Start of Stored data
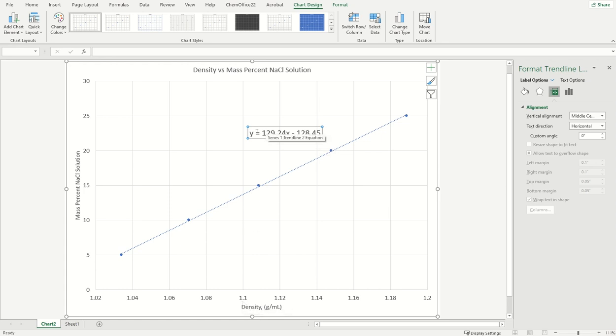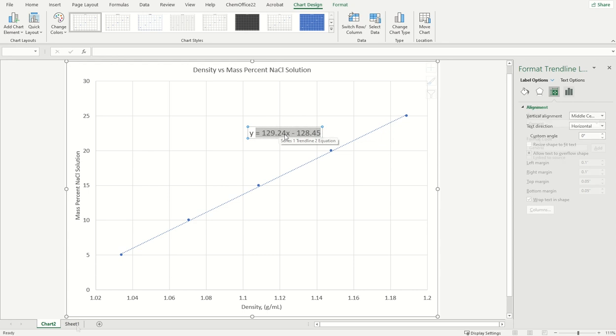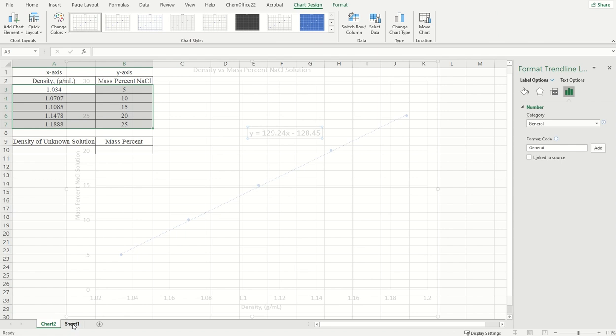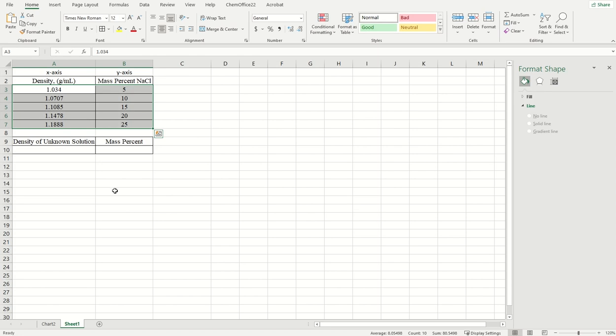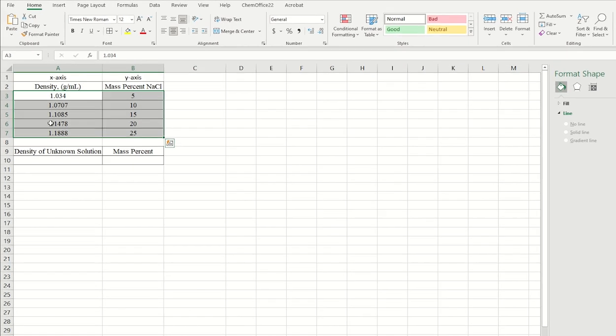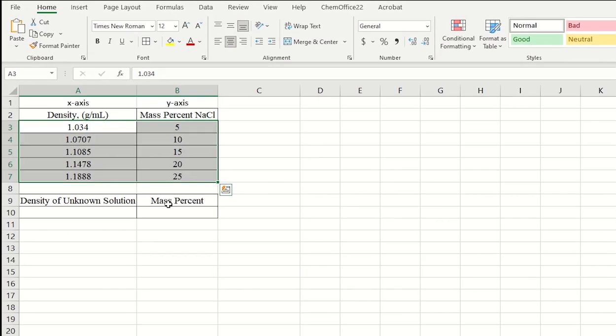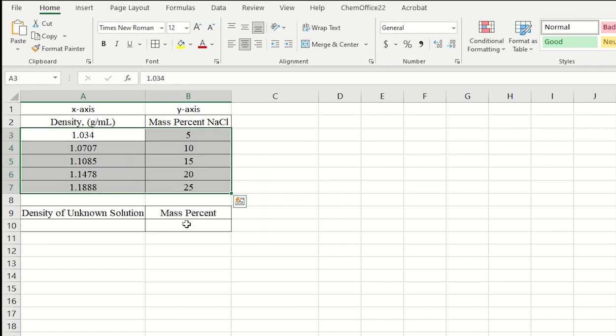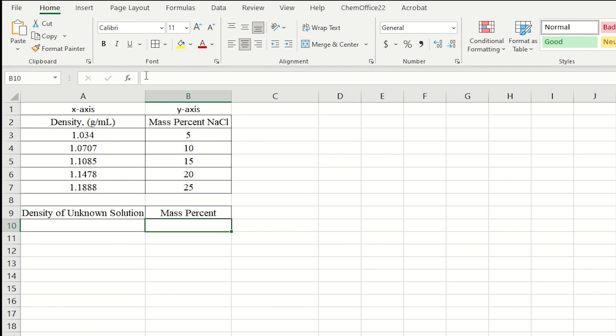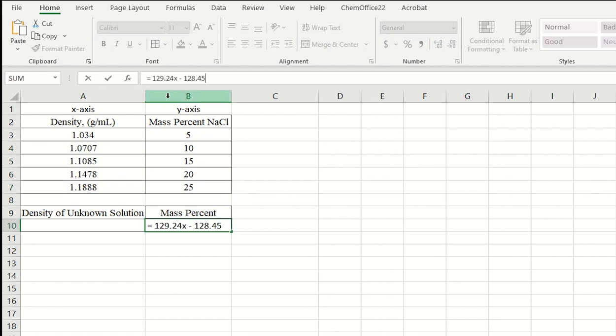And so what I'm going to do here is actually highlight this section and copy it. You can Ctrl-C on a PC or Command-C on a Mac. Let's go back to our original data. And I'm going to plug that into this section. Y is equal to, and I'll go ahead and paste that here. So there's my equation.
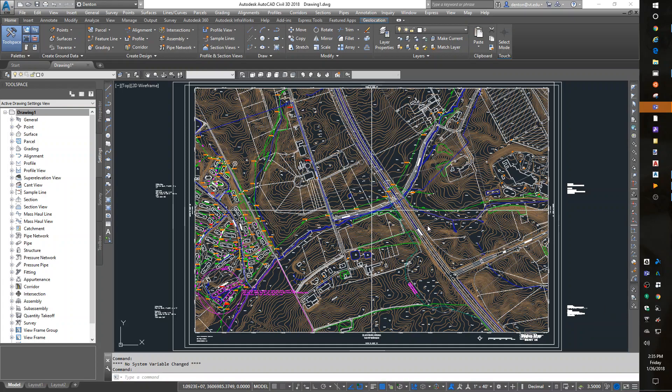Hello, this is Denton Yoder, instructor for BSE 2304, the Biological Systems Engineering CAD class. Today's lab, we are going to generate a surface model, or create topo, from one of our Blacksburg source drawings.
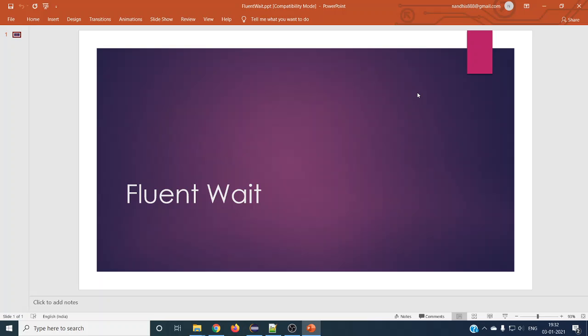Hello and welcome to the next Selenium tutorial. Today we are going to discuss FluentWait in Selenium WebDriver. In the previous video we discussed explicit wait, so FluentWait and explicit wait are similar — there is no difference between implicit wait and FluentWait.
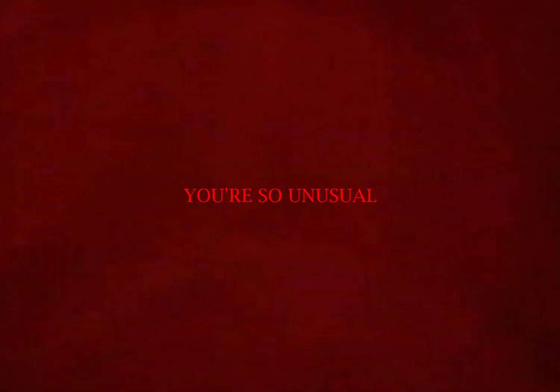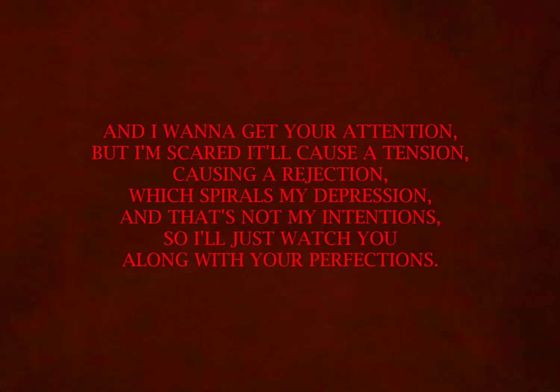You're so unusual and beautiful, but you're just an illusion of a delusional me. And I wanna get your attention, but I'm scared it'll cause a tension, causing a rejection which spirals my depression. That's not my intention, so I'll just watch you along with your perfections.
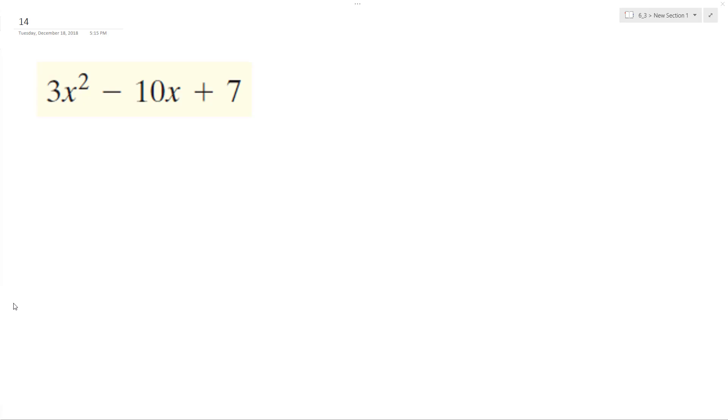Alright, so we want to solve the following problem. Factor 3x² - 10x + 7. So we'll have 3x times x.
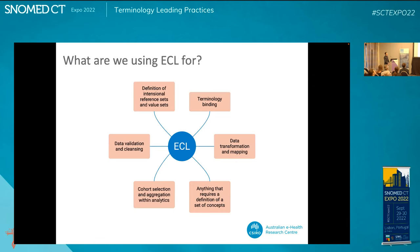Rather than explain what ECL is — which other speakers have done quite a good job of — I thought it might be a good refresher to talk about some of the use cases ECL is used for. It's grown into an extremely useful Swiss Army knife of a tool for using SNOMED CT: definition of intentional reference sets and value sets, binding SNOMED CT into an information model, data validation and cleansing, transforming data, mapping between code systems, and my favourite — using it within data analytics for advanced patient cohort selection and aggregation. Really, anything that requires a definition of a set of SNOMED concepts, ECL is the tool you want.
End of Stored data
• **Required work**
Transcribe the entries above verbatim, omitting their pictures.

• **Your response**
And so what I'm going to do here is actually highlight this section and copy it. You can Ctrl-C on a PC or Command-C on a Mac. Let's go back to our original data. And I'm going to plug that into this section. Y is equal to, and I'll go ahead and paste that here. So there's my equation.
Hello, this is Denton Yoder, instructor for BSE 2304, the Biological Systems Engineering CAD class. Today's lab, we are going to generate a surface model, or create topo, from one of our Blacksburg source drawings.
Hello and welcome to the next Selenium tutorial. Today we are going to discuss FluentWait in Selenium WebDriver. In the previous video we discussed explicit wait, so FluentWait and explicit wait are similar — there is no difference between implicit wait and FluentWait.
You're so unusual and beautiful, but you're just an illusion of a delusional me. And I wanna get your attention, but I'm scared it'll cause a tension, causing a rejection which spirals my depression. That's not my intention, so I'll just watch you along with your perfections.
Alright, so we want to solve the following problem. Factor 3x² - 10x + 7. So we'll have 3x times x.
Rather than explain what ECL is — which other speakers have done quite a good job of — I thought it might be a good refresher to talk about some of the use cases ECL is used for. It's grown into an extremely useful Swiss Army knife of a tool for using SNOMED CT: definition of intentional reference sets and value sets, binding SNOMED CT into an information model, data validation and cleansing, transforming data, mapping between code systems, and my favourite — using it within data analytics for advanced patient cohort selection and aggregation. Really, anything that requires a definition of a set of SNOMED concepts, ECL is the tool you want.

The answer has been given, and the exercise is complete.